Uno scandalo che ha permesso di rivelare tutte le mille facce di Mastrapasqua, occupato in ben 25 incarichi complessivi, ricoperti in contemporanea dall’ormai ex numero uno Inps, purché attualmente, ha assicurato il diretto interessato, ridotti a nove. Tra le altre cariche ricoperte da Mastrapasqua, ad esempio, la poltrona di vicepresidente di Equitalia, il ruolo di commissario del SuperInps e altri ruoli in realtà immobiliari o industriali. Il tutto, per un reddito annuo di un milione e 200mila euro. Ciò che colpisce, però, è l’assoluta mancanza di una norma che impedisca il ripetersi di questi fenomeni.

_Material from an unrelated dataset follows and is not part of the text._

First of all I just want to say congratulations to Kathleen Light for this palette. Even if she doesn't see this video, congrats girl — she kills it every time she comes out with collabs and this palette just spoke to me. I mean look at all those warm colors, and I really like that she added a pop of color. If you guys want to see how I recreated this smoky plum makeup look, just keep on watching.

Quasi in parallelo alle dimissioni del manager Inps, la presidenza del Consiglio ha varato un ddl urgente per impedire l’accumulo di cariche per i manager pubblici, per coprire quel “buco clamoroso” sull’incompatibilità di incarichi negli enti statali.

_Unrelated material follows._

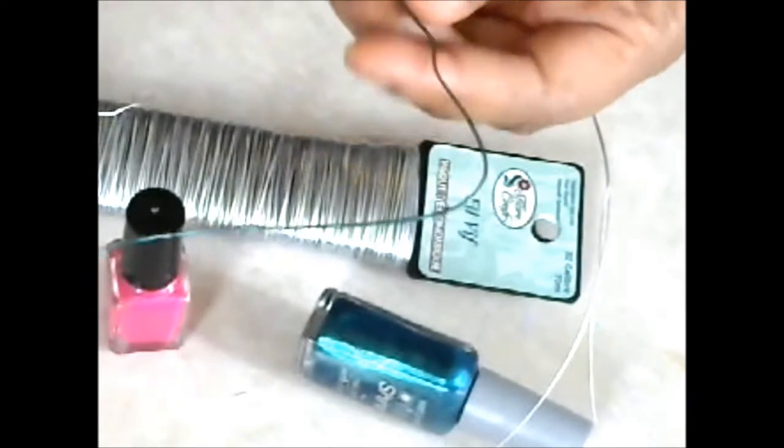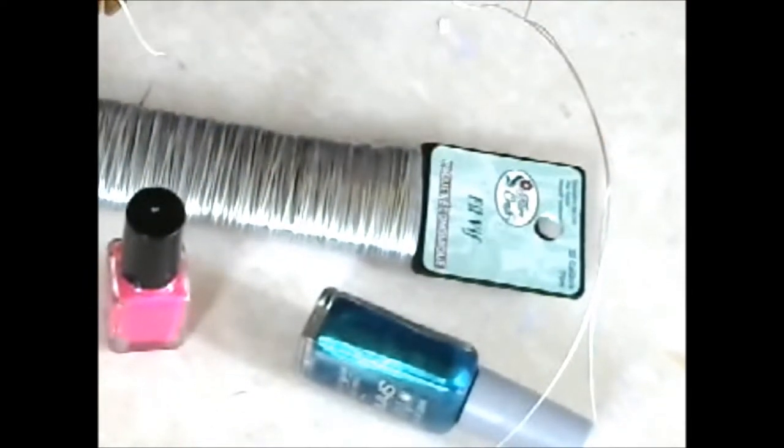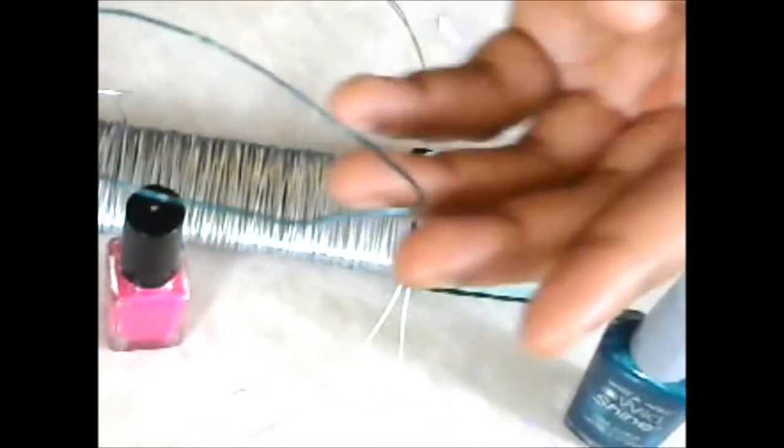I don't know if you can see this, but I colored this little part here with just regular nail polish. So I did just this color. The coating isn't coming off from the nail polish and it seems to be working very well, so I just want to show you really quick how you do this.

Poche ore dopo, la notizia delle dimissioni di Mastrapasqua. Adesso, è già toto nomine per l’istituto pubblico più difficile da gestire, a maggior ragione dopo la fusione dello scorso anno con Inpdap ed Enpals.

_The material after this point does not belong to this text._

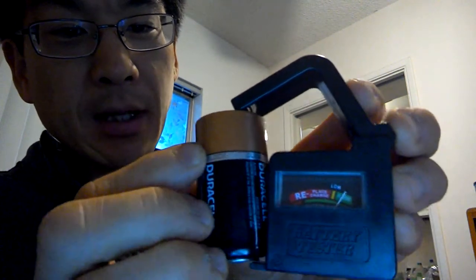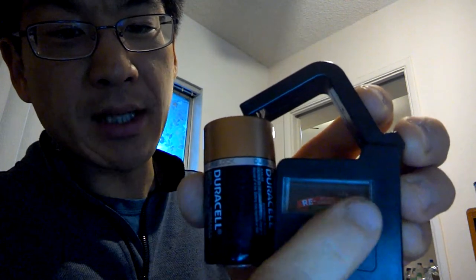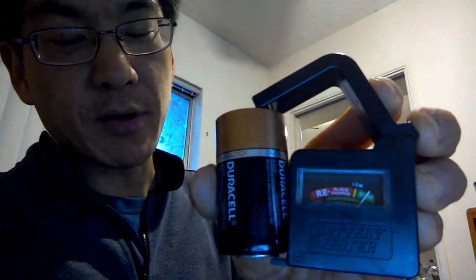Then you can see there's a dial there. This indicates — the green indicates the battery is good. Red, of course, is not good.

Tra i possibili candidati, anche l’ex ministro del Welfare Elsa Fornero, che ha firmato la famosa legge sulle pensioni attualmente in vigore, che ha provocato non pochi grattacapi alla gestione della previdenza. Chiamato in causa, l’ex titolare del dicastero sul Lavoro ha seccamente smentito: “Io sono tornata ai miei studi, mi considero fortunata ad avere la possibilità di continuare la mia attività di studiosa, anche all’estero da dove si può guardare ai fatti italiani con più distanza ed equilibrio, dunque sono felice di quello che sto facendo”. La fedelissima di Mario Monti è poi tornata sull’esperienza di governo e, in particolare, sul progetto di riorganizzazione dell’ente, ancora rimasto sulla carta: “Un ridimensionamento dei poteri del presidente e un cda snello, fatto di pochi componenti, indipendenti, con una conoscenza della materia, per controbilanciare i poteri”

 

Tra i possibili successori di Mastrapasqua, restano in campo anche il ministro Giovannini – in una possible girandola di nomine che lo eliminerebbe, naturalmente, dal gabinetto di governo – oppure altri ex ministri, Tiziano Treu, Maurizio Sacconi, o, ancora il segretario Cisl Raffaele Bonanni. Già nel prossimo Consiglio dei ministri, la questione potrebbe essere affrontata.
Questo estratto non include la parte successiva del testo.